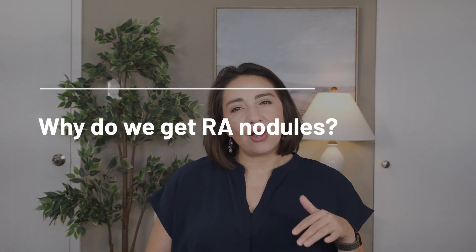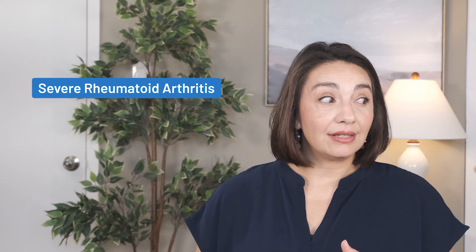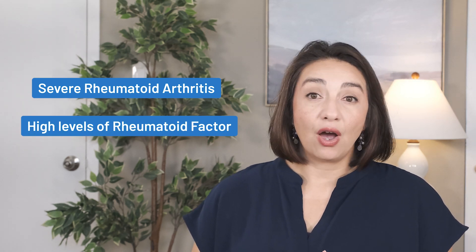Let's take a moment and talk about why rheumatoid arthritis nodules happen. Well, the short answer is we don't know, but we do know who is most at risk for getting them. Those with a more severe form of rheumatoid arthritis and those with high levels of rheumatoid factor are more likely to develop nodules. In fact, 40% of seropositive rheumatoid arthritis — seropositive meaning they have a positive rheumatoid factor in their blood test — will develop nodules, whereas only 6% of those who are seronegative will. Rheumatoid factor isn't measured as simply positive or negative, but is given a value, and a high value has been associated with more severe disease.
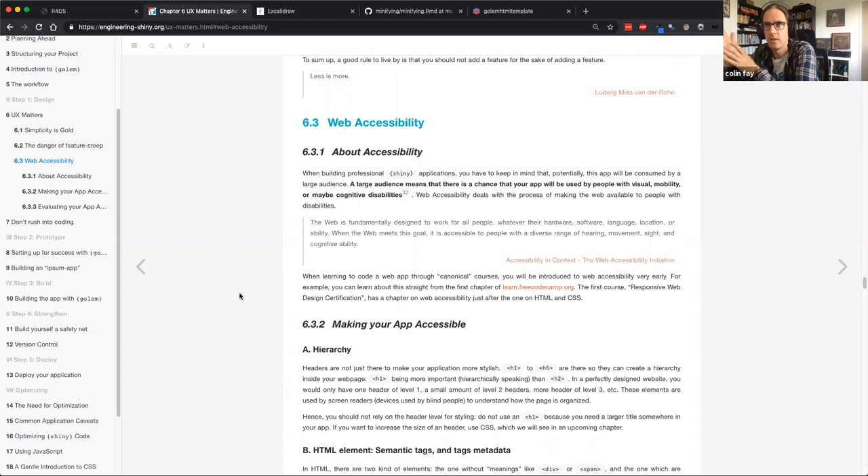The Shiny team had someone work on accessibility last summer — I think if I remember correctly, someone who was blind worked on all the accessibility inside Shiny. Since version 1.5, Shiny has become better with accessibility because more work was done on it.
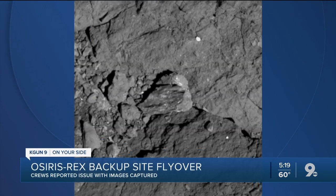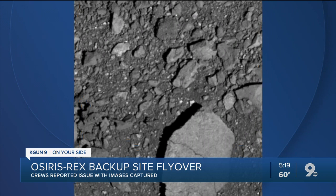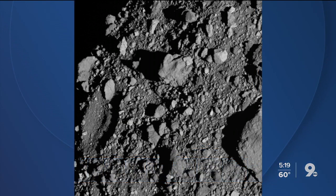NASA said that during the 11-hour mission, the instrument which allowed the camera to focus while taking pictures of the collection site didn't operate as expected, leaving some of the images out of focus. Other instruments used to gather data worked normally.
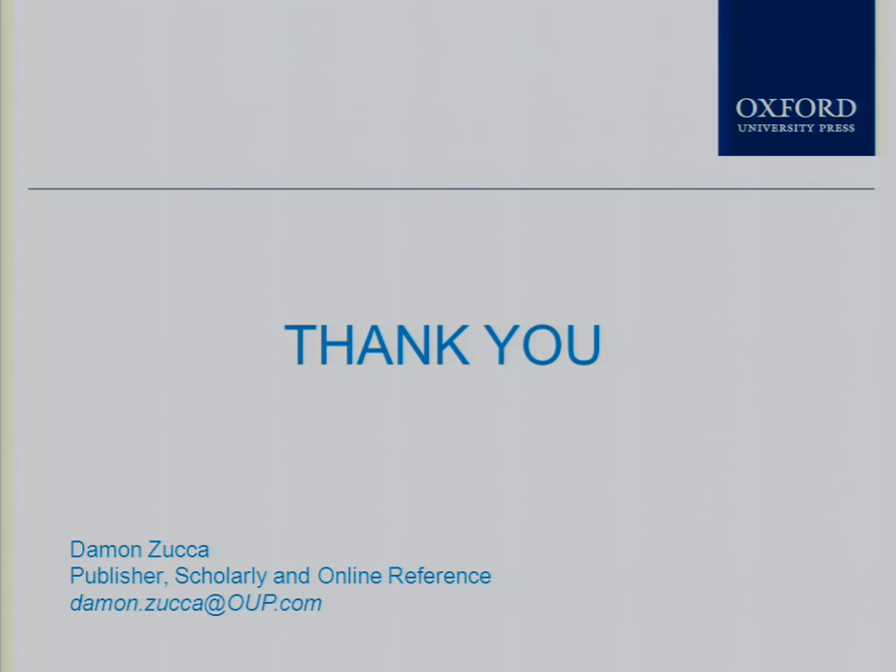I've been trying to speak quickly so I wouldn't run over. Thank you very much for your patience and I look forward to any questions.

#### [PROMPT]
Write out again every line above exactly as given; the pictures do not belong in the copy.

#### [ANSWER BELOW]
Let's take a moment and talk about why rheumatoid arthritis nodules happen. Well, the short answer is we don't know, but we do know who is most at risk for getting them. Those with a more severe form of rheumatoid arthritis and those with high levels of rheumatoid factor are more likely to develop nodules. In fact, 40% of seropositive rheumatoid arthritis — seropositive meaning they have a positive rheumatoid factor in their blood test — will develop nodules, whereas only 6% of those who are seronegative will. Rheumatoid factor isn't measured as simply positive or negative, but is given a value, and a high value has been associated with more severe disease.
The Shiny team had someone work on accessibility last summer — I think if I remember correctly, someone who was blind worked on all the accessibility inside Shiny. Since version 1.5, Shiny has become better with accessibility because more work was done on it.
NASA said that during the 11-hour mission, the instrument which allowed the camera to focus while taking pictures of the collection site didn't operate as expected, leaving some of the images out of focus. Other instruments used to gather data worked normally.
I've been trying to speak quickly so I wouldn't run over. Thank you very much for your patience and I look forward to any questions.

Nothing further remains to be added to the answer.